Friday, December 5, 2008

On Being a Missionary

"Mission" comes from the Latin "missio" which means "sent". Although we now more commonly use it as a noun: "I have a mission", most Christians nowadays are quick to acknowledge that we don't have a mission, it is God's mission, upon which God sends people to various parts of creation for various tasks. The history of Christian mission is much more than the last 200 years or so, during which time Christianity got almost fatally tied in with the project of empire and "civilizing" the non-Christian world. We still have a long way to go to extricate ourselves from that era, but at least we are well started on becoming a global body in which no culture is privileged.

Personally, I started work as a professional missionary with a lot of misgivings. I believed that all people had access to God and everybody was on their own journey that must end in some kind of holy mountain. My years of work in Nepal taught me more deeply about the reality of evil in our world, its tenaciousness and its ubiquity in every human life.
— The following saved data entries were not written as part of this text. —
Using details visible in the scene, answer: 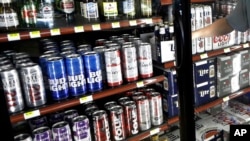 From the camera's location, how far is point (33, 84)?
1490 millimetres

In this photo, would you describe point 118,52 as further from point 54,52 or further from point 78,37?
point 78,37

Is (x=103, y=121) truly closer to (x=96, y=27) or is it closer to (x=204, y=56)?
(x=96, y=27)

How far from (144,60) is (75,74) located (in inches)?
23.0

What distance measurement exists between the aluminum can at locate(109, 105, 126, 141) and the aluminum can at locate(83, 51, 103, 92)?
0.22 metres

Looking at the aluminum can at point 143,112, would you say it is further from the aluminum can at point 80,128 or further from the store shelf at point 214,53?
the aluminum can at point 80,128

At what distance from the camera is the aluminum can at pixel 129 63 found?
1.82 metres

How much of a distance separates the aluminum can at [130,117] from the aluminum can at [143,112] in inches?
1.8

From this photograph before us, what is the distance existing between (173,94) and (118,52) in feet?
2.46

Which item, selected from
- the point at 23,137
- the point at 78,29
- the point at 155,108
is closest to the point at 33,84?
the point at 23,137

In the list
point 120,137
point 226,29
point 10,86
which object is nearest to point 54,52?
point 10,86

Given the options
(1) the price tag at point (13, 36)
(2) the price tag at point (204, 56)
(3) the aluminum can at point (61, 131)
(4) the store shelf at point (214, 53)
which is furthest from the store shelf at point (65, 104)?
(2) the price tag at point (204, 56)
Just being good will not cut it for the people of the world who suffer the most - we are all ensnared in a system that has winners and losers, a system that cannot be conquered from inside, only from outside.

When I tell this story, I usually add the story of my friend Duane. He tells of going from the USA to Nepal as a young missionary with the belief that his mission was to save souls. "I'd just tell them about Jesus, and they would accept him, and they'd be all right," he says. But his years in Nepal taught him that life is a whole. People's needs for life are not divided into spiritual in one place and physical somewhere else. Now he works in integrated development, programs that include drinking water supply, education, health care, and sharing love in community.

Duane and I were both evangelized by Nepal. Far from converging, our theologies remain different in many ways, but we were both forced to deepen and mature in our knowledge of life.

I have struggled with the image of being a missionary for many years. I have spent sleepless nights telling myself that I am more part of the problem than part of the solution. But I still hold on to the faith that a stranger in a new place can speak usefully to people in a different context and provide help on many levels. And I also have learned that the only missionary of any use to the world is one who is himself or herself always being converted and challenged by new situations.